** WHAT IS EXPECTED **
In the material below, find the line that contains "1 St Cuthbert’s Avenue, Armidale NSW 2350" and the line that contains "35871 Mercedes-Benz W108", then write out exactly those two lines and everything between them.

** DATA LISTING **
————
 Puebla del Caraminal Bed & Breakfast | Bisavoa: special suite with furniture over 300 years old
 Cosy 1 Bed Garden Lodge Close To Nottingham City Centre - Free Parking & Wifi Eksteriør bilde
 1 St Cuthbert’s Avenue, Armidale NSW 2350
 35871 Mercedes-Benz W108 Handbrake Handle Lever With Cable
————
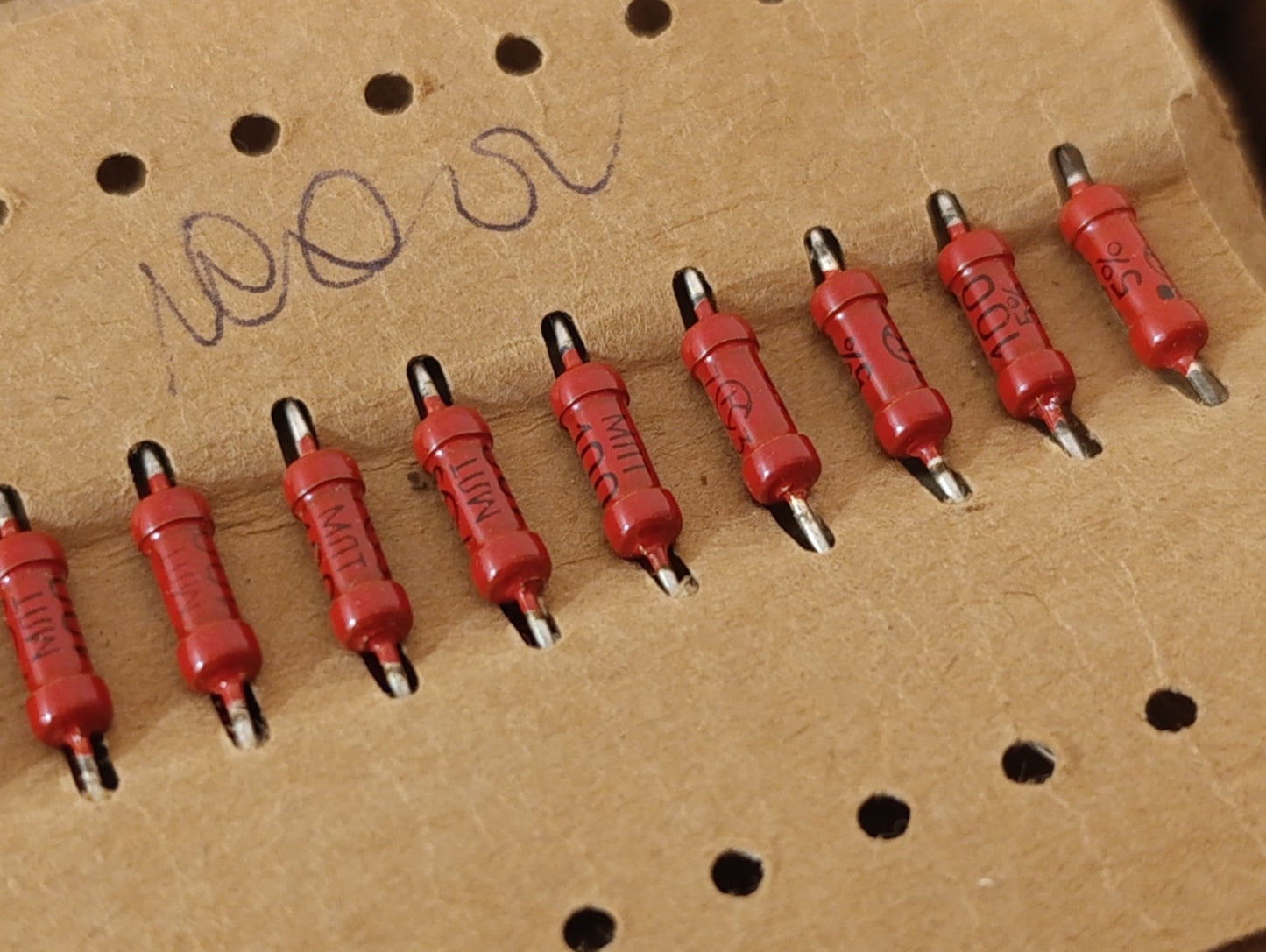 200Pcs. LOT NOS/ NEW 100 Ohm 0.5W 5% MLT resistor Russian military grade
————
** ANSWER BOX **
 1 St Cuthbert’s Avenue, Armidale NSW 2350
 35871 Mercedes-Benz W108 Handbrake Handle Lever With Cable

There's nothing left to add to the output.